- WHAT TO PRODUCE: Once you reach the line containing "Happiest Baby Shower" in the entries below, write out that line and each one after it down to the line containing "Belle Mermaid 23", exactly and with nothing added.

- RECORDED INFORMATION:
------------------------

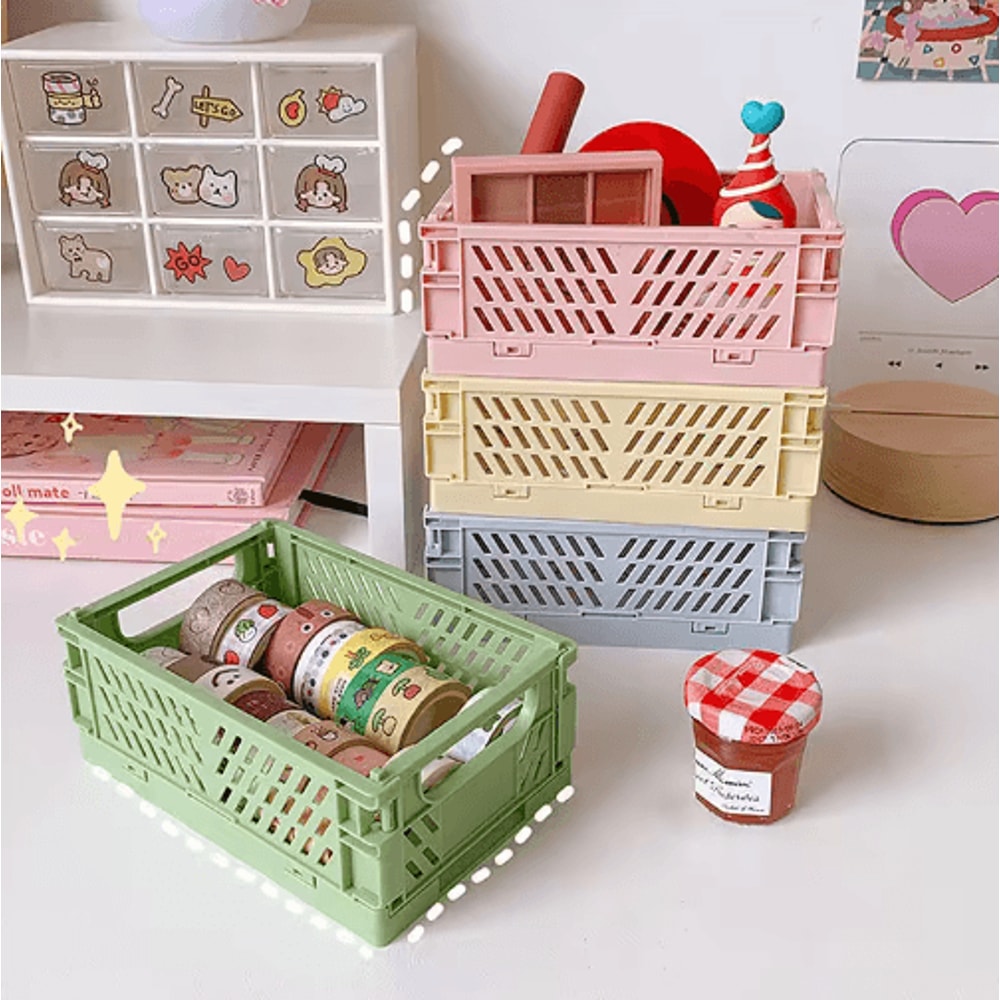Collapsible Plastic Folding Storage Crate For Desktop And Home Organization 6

------------------------

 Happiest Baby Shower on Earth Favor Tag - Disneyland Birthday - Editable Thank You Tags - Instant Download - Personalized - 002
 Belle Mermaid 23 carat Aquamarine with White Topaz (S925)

------------------------

- PROBLEM SOLUTION:
 Happiest Baby Shower on Earth Favor Tag - Disneyland Birthday - Editable Thank You Tags - Instant Download - Personalized - 002
 Belle Mermaid 23 carat Aquamarine with White Topaz (S925)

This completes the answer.